Feeling a gnawing need to help his family, Kodjo began washing clothes and selling things in the market at the age of nine. He continued selling anything he could and even used some of the money to finish high school with honors.
Vacation Bible School was offered every summer at a church in Lome pastored by an American missionary. This pastor led Kodjo to the Lord at the age of 12. He was baptized at 14, and at the age of 18, felt the call of God to ministry on his life.
His desire to care for people’s souls led him to earn a degree in theology. Then he taught Sunday school, preached, recorded a gospel radio and TV program, served as an assistant pastor, and worked as a missionary with Child Evangelism Ministries based in Indiana for eight years. He met his wife Abla in church and they married in 1998. God blessed them with three wonderful sons.

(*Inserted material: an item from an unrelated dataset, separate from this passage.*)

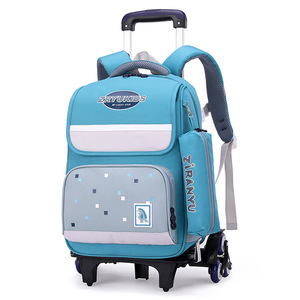 Sac de courses à roulettes grande capacité avec motifs imprimés pour écoliers, cartable à roulettes pour enfants, sac à dos pour collégiens et lycéens - Product Image 2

Kodjo wanted to change the impoverished situation for his family so he applied to come to the US for work. In 2009, he and his wife were offered jobs in a meatpacking plant in Ottumwa, Iowa, and a host family offered to take all five of them in. He promised he would one day return to help his people in Togo.

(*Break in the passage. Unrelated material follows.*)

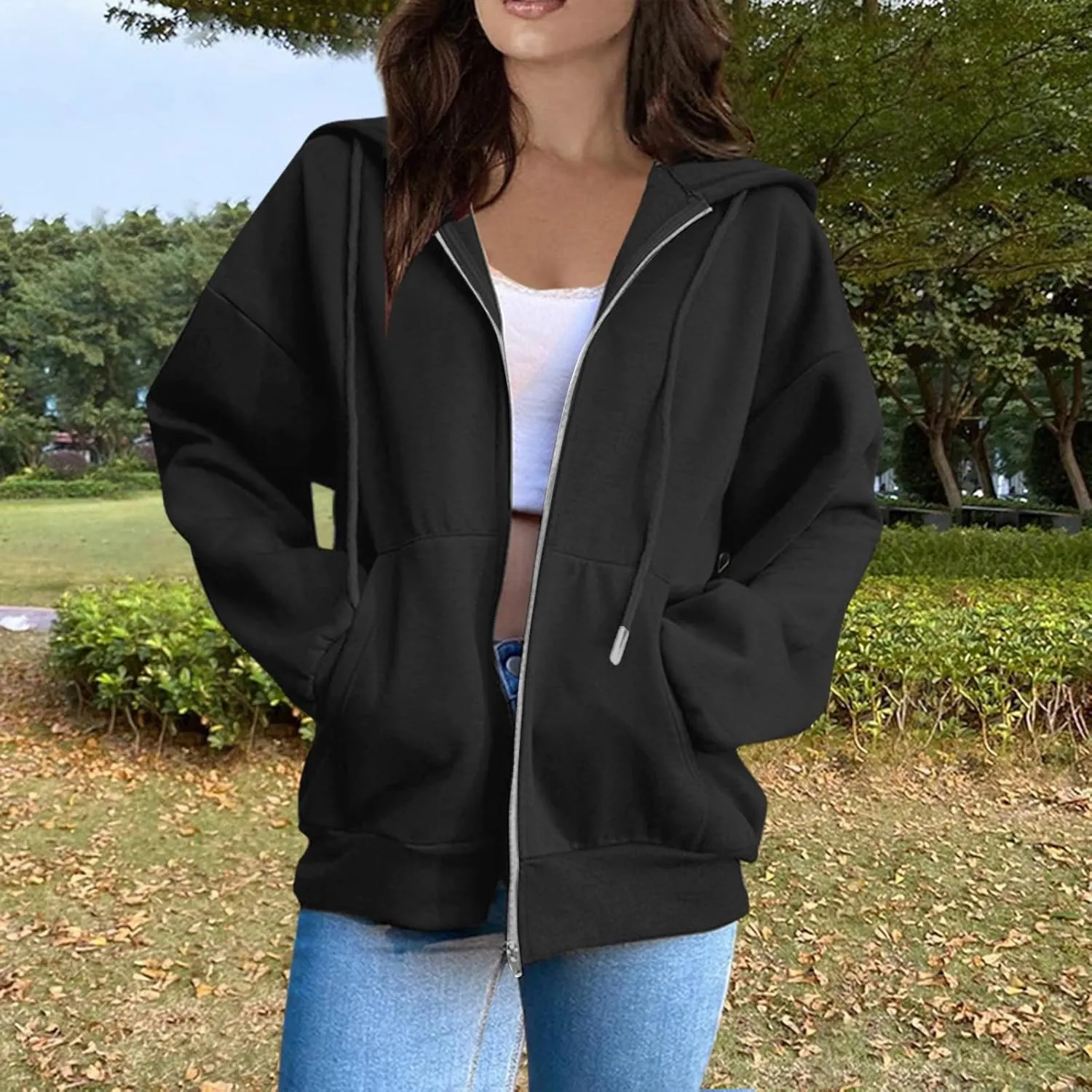 Zip Up Hoodie Women Long Sleeve Oversized Sweatshirts Y2K Jacket Pockets Patchwork Design T-Shirt Hoodie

Kodjo had been interested in medicine since he was a child, so he decided to go to nursing school. Upon graduation, he applied to a Christian rehabilitation and skilled nursing facility called Good Samaritan Society. This job gave him the opportunity to do what he loved most: care for people. The residents love him. He talks, hugs, and prays with them.
But, he also cares for the people of Togo, especially the children. He and his wife, who had also gotten a better job, decided to live on her salary and use his paycheck to begin a ministry in Togo called African Kids Evangelism Ministries, beginning with a school. He did not want any little boy or girl to be sent home from school because they could not pay.

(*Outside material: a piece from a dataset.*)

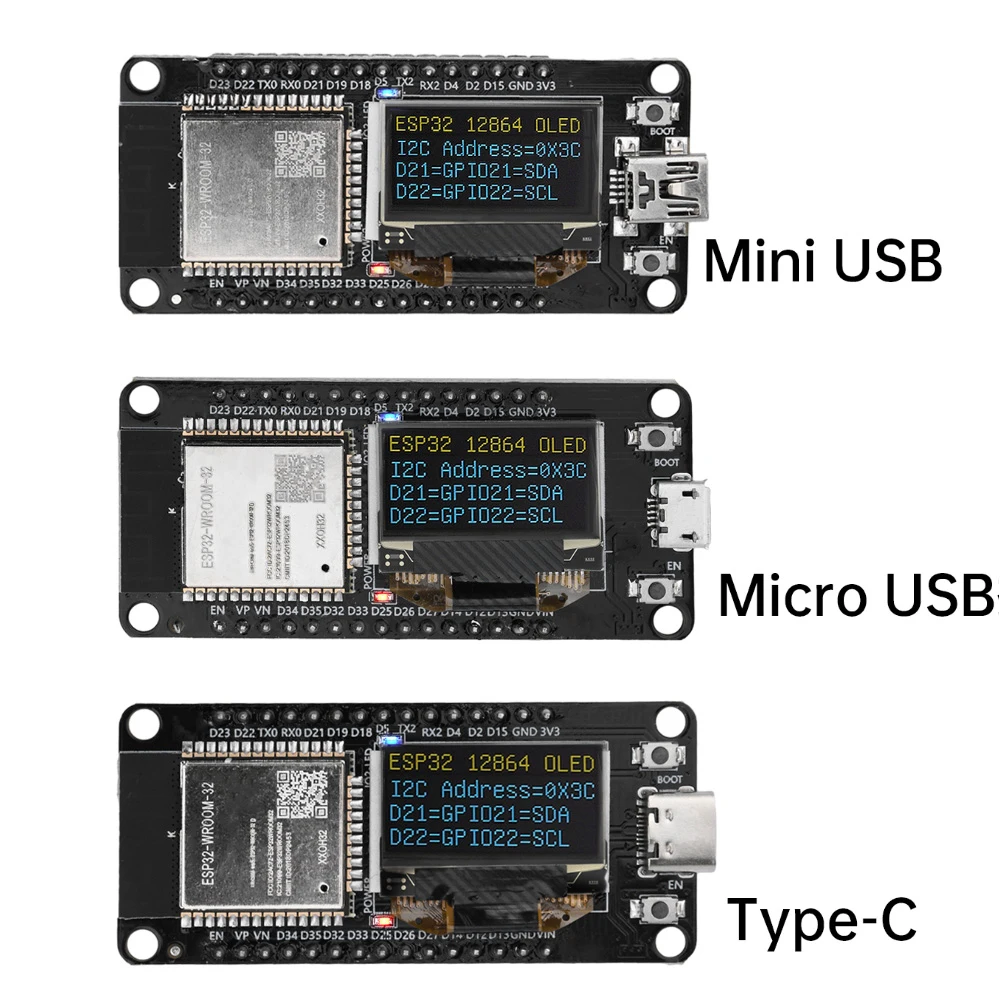 ESP32 ESP-WROOM-32D WIFI Development Board Module CH340C With 0.96 OLED Screen Yellow Blue Display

He purchased a piece of land and paycheck to paycheck, brick by brick he began. The school opened in 2015 with 99 students in grades preK-2. There they planted the seed of the gospel into the lives of the children.
ANM donors in Iowa brought Kodjo to visit ANM in Virginia and we discovered the heart of this humble, selfless man and came alongside him. Others in the ANM family heard of his dreams and also wanted to help add their support to Kodjo’s sacrificial gift to the needy in his country.
Today, a three-story building provides facilities to educate 1,200 students at little or no cost and classes go through the 12th grade. A church building where 300 people meet for worship also shares the land. Two churches that have been planted in Togo’s Muslim north are making incredible impacts. When another piece of land beside the school went up for sale, Kodjo was able to purchase it. A medical clinic is now being built, funded by a church in Virginia that visited Togo last year. When Kodjo was a child, medical care and education were the hardest things to get. The saving grace of Jesus was rarely heard. Kodjo wants all this to change for as many people as possible.
To provide extra revenue for the entire ministry, a chicken farm is being established.
ANM’s acting regional director for Africa, Lou Mancari, excitedly voiced, “All this has happened in just the past five years! Most ministries take 10-15 years to get to this point. This is such a God thing.”
Good Samaritan Society also supports Kodjo, by allowing him three months’ leave every year to return to Togo to keep his ministry growing. The director of the center says, “You can see Christ working through Kodjo and through his spirit. You can feel it—in his smile, in his eyes, in the way he talks about the staff, residents and his mission.”
Kodjo’s caring character has not forgotten his wonderful Momma either. She is now living with his family in Iowa, caring for her grandsons.
When you ask Kodjo what he thinks about all that God has done, his only reply is, “My prayer is that God uses me as a good example.”
He certainly is.
Paul writes in Ephesians 1:4, “For He chose us in Him before the creation of the world to be holy and blameless in His sight.” One man He definitely chose was Kodjo Bossou.